Last week, college radio stations converged on Seattle for the National Student Electronic Media Convention. In the halls of the host hotel, students and staff advisors talked excitedly about their stations, career options for young people interested in radio, and what others are doing to enhance relationships with their respective campuses.
In short, the National Student Electronic Media Convention swims against everything we in noncommercial media are told about radio.
At a time when mounting data suggests young people do not own a radio or just listen less and less to radio, there was instead a deep kind of optimism in Seattle. People see the potential, rather than the limitations. Where statisticians see disinterest, attendees see a sort of exclusivity, like vinyl records and nouveau cool aesthetics. In Seattle, students lit up when discussing radio.
Why is there so much energy here for what we are told is a dying medium? And what can we learn when it comes to considering our future in community media? What can community radio and public media learn from college radio today?
What is striking about some of the best college radio is how much relevance is tied to relationships. Around the public and community media water cooler, we talk about relevant content. That often takes the form of news, talk and other formats aimed at providing up-to-date information to listeners. But I also understand it needs to be more than pumping out what you think the audience wants to hear. What so many of these student-run outlets get right is in listening to what their peers and community are into and providing that as much as possible. They understand it is establishing a real-world bond with the people they serve, doing a lot of hearing what is interesting, then offering that, sometimes with a spin. Nevertheless, good radio, as college radio demonstrates, is about engaging those people directly.

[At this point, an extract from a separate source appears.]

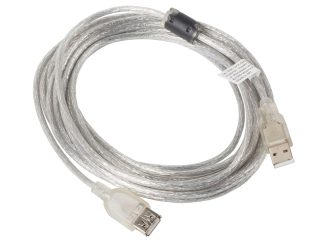 Lanberg удължителен кабел USB 2.0 AM-AF, 5м, прозрачен ферит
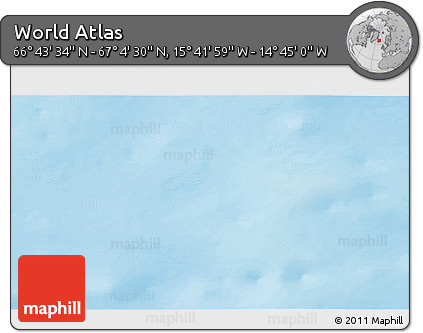 Shaded Relief 3D Map of the Area around 66° 54' 2" N, 15° 13' 29" W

Community radio can also learn from some of the best college radio stations how to be plugged into youth culture by going to where the culture is, rather than assume they’ll come to the station. There’s a timeworn anecdote that suggests our circles get smaller as we get older, that we go out less, and complacency sets in. What became apparent at the National Student Electronic Media Convention is a commitment from everyone — managers on down — to be embedded in the music subculture, to be out at events, to be in the place among diverse groups, and overall to be a participant in popular and indie scenes so you are seen and present. For overworked community radio managers, that may feel like a tall task. The rewards, however, are only going to support the future of your radio station.
And while there may always be a touch of hipsterism to various elements, college radio shows community radio how to come at music and what is happening now without the subtle and not-so-subtle judgments of young people and pop culture that can be alienating to those people community radio needs most. That is not to throw shade at the myriad classic rock/pop/folk/blues/etc. programming, but rather the attitude that posits the old way of making music and doing things is better than what young people are into; 9.9 times out of 10, it is not. As Seth Godin points out, many instances are frankly issues of people who just want the world to stay the same and not change, or who look askance at those who do not do things the way they want them done. Such individuals have, in effect, become “that guy” we all grew up around, who looked down on what “the kids” were into. Not good. Community media can always learn to be better about this.
Another thing community stations can pick up from college radio is being involved in live music in new ways. Many community radio organizations air live performances and even local remotes. But what if your station thought a little grander? What if you broadcast something your listeners, or many others for that matter, could not get to easily? One can bet it would spike your online audience and create new ways to find donors. College radio has jumped in on this innovative new path in amazing ways. From massive stations like the University of Washington’s KEXP to outlets like KFJC, licensed to the Foothill-De Anza Community College District, live broadcasts of international concerts have become a superb opportunity for these stations to attract listenership online. KEXP’s Iceland Airwaves Music Festival broadcast is becoming somewhat of a tradition, for which the station has built in promotions and giveaways. KFJC is broadcasting from two festivals in Berlin in a few days. It is almost certain 99% of the audience is not planning to travel all that way for a festival. All the better to air a big event that is a rare radio experience. Why not consider borrowing this kind of idea? There are many logistics, but the potential is tremendous.
College students running university-based radio are the literal future of community radio. Let’s do more to ensure our present welcomes them in the best way we can.